21.4.14 ndb_import — Import CSV Data Into NDB

ndb_import imports CSV-formatted data into NDB using the NDB API, which requires a connection to an NDB management server. A connection to a MySQL Server is not required.

Usage

ndb_import db_name file_name options

ndb_import requires two arguments. db_name is the name of the database in which the database where the table into which to import the data is found; file_name is the name of the CSV file from which to read the data, including the path to this file if it is not in the current directory. The name of the file must match the name of the table; the file's extention, if any, is not taken into consdieration. Additional arguments (described later in this section) are supported, including options for specifying field separators, escapes, and line terminators. ndb_import must be able to connect to an NDB Cluster management server; for this reason, there must be an unused [api] slot in the config.ini file.

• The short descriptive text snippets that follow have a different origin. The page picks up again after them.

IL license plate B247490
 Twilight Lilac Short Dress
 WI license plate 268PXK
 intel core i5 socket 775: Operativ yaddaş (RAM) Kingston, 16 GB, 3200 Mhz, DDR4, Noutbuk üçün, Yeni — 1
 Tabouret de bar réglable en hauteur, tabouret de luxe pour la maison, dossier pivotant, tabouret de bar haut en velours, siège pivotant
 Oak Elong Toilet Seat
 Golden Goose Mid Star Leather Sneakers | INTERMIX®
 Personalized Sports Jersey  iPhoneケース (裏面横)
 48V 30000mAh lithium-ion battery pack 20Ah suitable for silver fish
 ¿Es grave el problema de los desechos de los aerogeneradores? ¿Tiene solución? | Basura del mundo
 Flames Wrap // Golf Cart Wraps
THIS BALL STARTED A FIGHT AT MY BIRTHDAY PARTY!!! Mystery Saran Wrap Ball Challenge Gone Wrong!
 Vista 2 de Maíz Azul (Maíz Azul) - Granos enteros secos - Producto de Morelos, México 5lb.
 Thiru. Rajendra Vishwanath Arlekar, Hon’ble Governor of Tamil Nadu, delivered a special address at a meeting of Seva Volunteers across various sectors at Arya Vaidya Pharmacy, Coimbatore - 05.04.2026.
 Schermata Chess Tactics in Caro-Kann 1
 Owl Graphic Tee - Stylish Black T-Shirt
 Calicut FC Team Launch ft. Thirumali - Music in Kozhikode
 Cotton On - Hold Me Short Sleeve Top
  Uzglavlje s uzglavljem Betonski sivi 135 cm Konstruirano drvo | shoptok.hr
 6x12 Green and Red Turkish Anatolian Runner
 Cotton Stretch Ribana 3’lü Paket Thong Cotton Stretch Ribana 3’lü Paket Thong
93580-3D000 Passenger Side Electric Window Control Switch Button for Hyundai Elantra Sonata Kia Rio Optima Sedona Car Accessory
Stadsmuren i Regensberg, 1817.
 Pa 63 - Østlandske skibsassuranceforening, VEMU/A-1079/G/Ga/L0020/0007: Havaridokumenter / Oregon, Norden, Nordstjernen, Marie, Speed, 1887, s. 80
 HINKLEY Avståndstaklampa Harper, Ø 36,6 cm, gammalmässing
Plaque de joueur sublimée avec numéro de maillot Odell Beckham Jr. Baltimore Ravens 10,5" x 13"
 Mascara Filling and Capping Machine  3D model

To duplicate an existing table that uses a different storage engine, such as InnoDB, as an NDB table, use the mysql client to perform a SELECT INTO OUTFILE statement to export the existing table to a CSV file, then to execute a CREATE TABLE LIKE statement to create a new table having the same structure as the existing table, then perform ALTER TABLE ... ENGINE=NDB on the new table; after this, from the system shell, invoke ndb_import to load the data into the new NDB table. For example, an existing InnoDB table named myinnodb_table in a database named myinnodb can be exported into an NDB table named myndb_table in a database named myndb as shown here, assuming that you are already logged in as a MySQL user with the appropriate privileges:

  1. In the mysql client:

    mysql> USE myinnodb;
    
    mysql> SELECT * INTO OUTFILE '/tmp/myndb_table.csv'
    mysql>  FIELDS TERMINATED BY ',' OPTIONALLY ENCLOSED BY '"' ESCAPED BY '\\'
    mysql>  LINES TERMINATED BY '\n'
    mysql>  FROM myinnodbtable;
    
    mysql> CREATE DATABASE myndb;
    
    mysql> USE myndb;
    
    mysql> CREATE TABLE myndb_table LIKE myinnodb.myinnodb_table;
    
    mysql> ALTER TABLE myndb_table ENGINE=NDB;
    
    mysql> EXIT;
    Bye
    shell>

    Once the target database and table have been created, a running mysqld is no longer required. You can stop it using mysqladmin shutdown or another method before proceeding, if you wish.

  2. In the system shell:

    # if you are not already in the MySQL bin directory:
    shell> cd path-to-mysql-bin-dir
    
    shell> ndb_import myndb /tmp/myndb_table.csv --fields-optionally-enclosed-by='"' \
        --fields-separated-by="," --fields-escaped-by='\\'

    The output should resemble what is shown here:

    job-1 import myndb.myndb_table from /tmp/myndb_table.csv
    job-1 [running] import myndb.myndb_table from /tmp/myndb_table.csv
    job-1 [success] import myndb.myndb_table from /tmp/myndb_table.csv
    job-1 imported 19984 rows in 0h0m9s at 2277 rows/s
    jobs summary: defined: 1 run: 1 with success: 1 with failure: 0
    shell>

The following table includes options that are specific to ndb_import. Additional descriptions follow the table. For options common to most NDB Cluster programs (including ndb_import), see Section 21.4.32, “Options Common to NDB Cluster Programs — Options Common to NDB Cluster Programs”.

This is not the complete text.